New England Governors Unite To Battle Heroin Addiction
Five of six New England governors—all Democrats—attended the summit. Absent was Republican Gov. Paul LePage of Maine.
On Tuesday last week, five governors from six New England states heeded the call of Massachusetts Gov. Deval Patrick to address the growing heroin epidemic plaguing the region.

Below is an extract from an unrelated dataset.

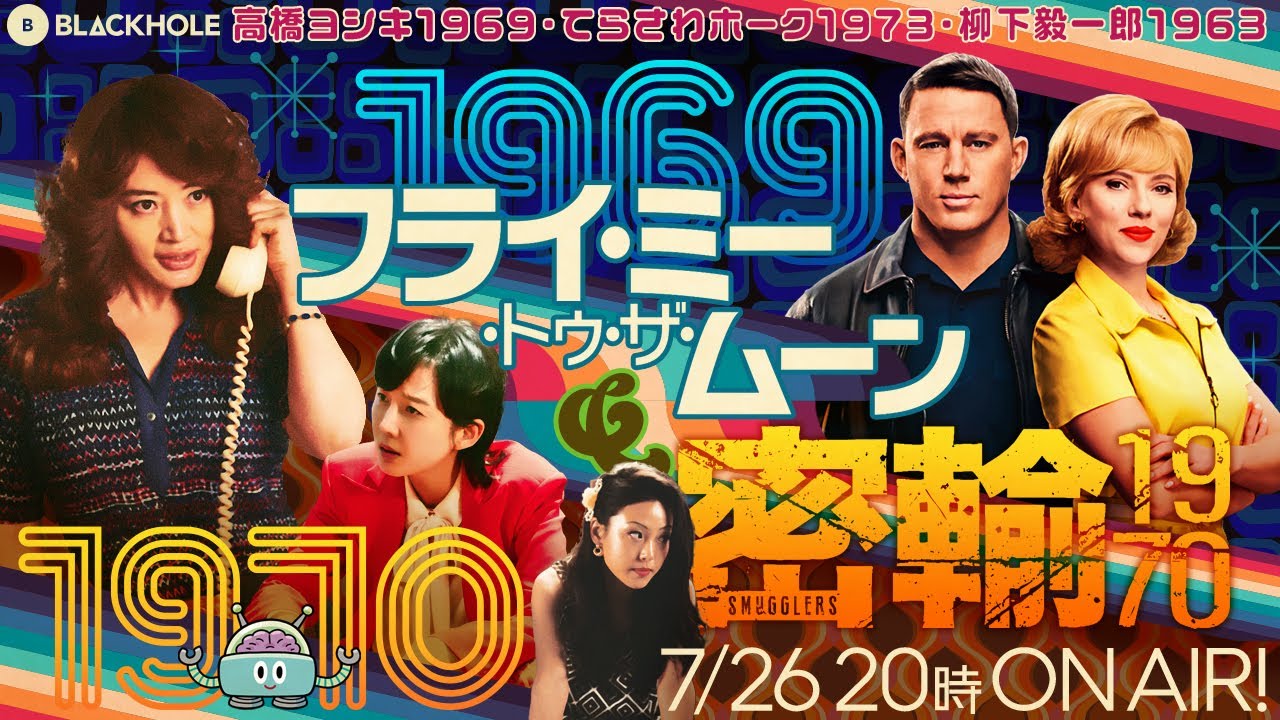 BLACKHOLE夏の2本立て！　『フライ・ミー・トゥ・ザ・ムーン』＆『密輸 1970』〜1969年と1970年代それぞれの夏篇〜（高橋ヨシキ＋てらさわホーク＋柳下毅一郎）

Governor Patrick has been notably active in trying to lead the fight against opioid addiction in his state, recently revealing a $20 million package aimed at increasing drug treatment, particularly for children, in Massachusetts. In publicly unveiling his plan, Patrick invited the governors of Connecticut, Rhode Island, Vermont, New Hampshire, and Maine to join him in a summit to address the problem.
The governors of the first five states accepted the invitation and agreed, among other things, to share data across state lines regarding prescriptions while trying to crack down on patients that obtain drugs from multiple doctors.
“We’re saying the sky’s the limit,” said Vermont Gov. Peter Shumlin, who rose to national prominence earlier in the year for delivering an entire state of the state address on drug addiction. “Let’s treat it like the public health crisis it is.”
Notably absent from the summit was Republican governor and Tea Partier Paul R. LePage, who was allegedly too busy working in the state capital of Augusta, Maine to attend the summit. Patrick did mention, however, that LePage would send a working group to participate in future meetings.